The introduction to the EU Council Recommendation of 22 May 2018 on key competences for lifelong learning states that:

"The European Pillar of Social Rights states as its first principle that everyone has the right to quality and inclusive education, training and lifelong learning in order to maintain and acquire skills that allow full participation in society and successful transitions in the labour market. It also states the right of everyone ‘to timely and tailor-made assistance to improve employment or self-employment prospects, to training and re-qualification, to continued education and to support for job search’. Fostering the development of competences is one of the aims of the vision towards a European Education Area that would be able ‘to harness the full potential of education and culture as drivers for jobs, social fairness, active citizenship as well as means to experience European identity in all its diversity.’ In consideration of all of the above, the European Union has adopted the recommendation that Member States should: ‘support the right to quality and inclusive education, training and lifelong learning and ensure opportunities for all to develop key competences by making full use of the ‘Key Competences for Lifelong Learning" support the development of key competences and facilitate their acquisition by paying attention to: raising the level of achievement of basic skills (literacy, numeracy and basic digital skills) and supporting the development of learning to learn competence as a constantly improved basis for learning and participation in society in a lifelong perspective; Digital skills are thus rightfully part of the eight key competences set out in the Reference Framework, alongside Literacy competence, Multilingual competence, Mathematical competence and competence in science, technology and engineering [...]"

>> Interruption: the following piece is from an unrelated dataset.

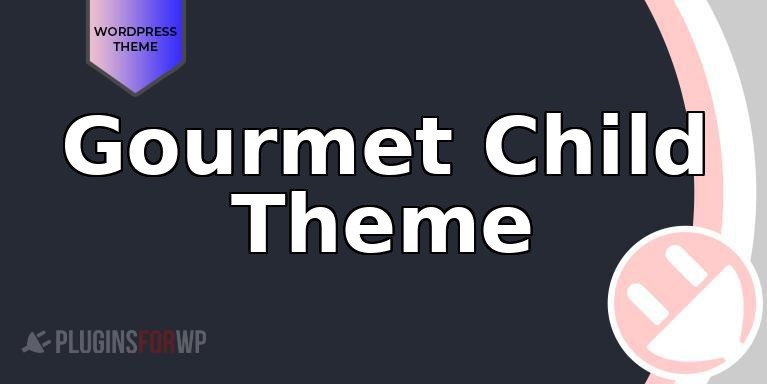 Gourmet Child Theme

According to the European Union, this revised definition of digital skills further leads to the notion of Digital Literacy, i.e. ‘the confident, critical and responsible use of, and engagement with, digital technologies for learning, at work, and for participation in society. It includes information and data literacy, communication and collaboration, media literacy, digital content creation (including programming), safety (including digital well-being and competences related to cybersecurity), intellectual property related questions, problem solving and critical thinking.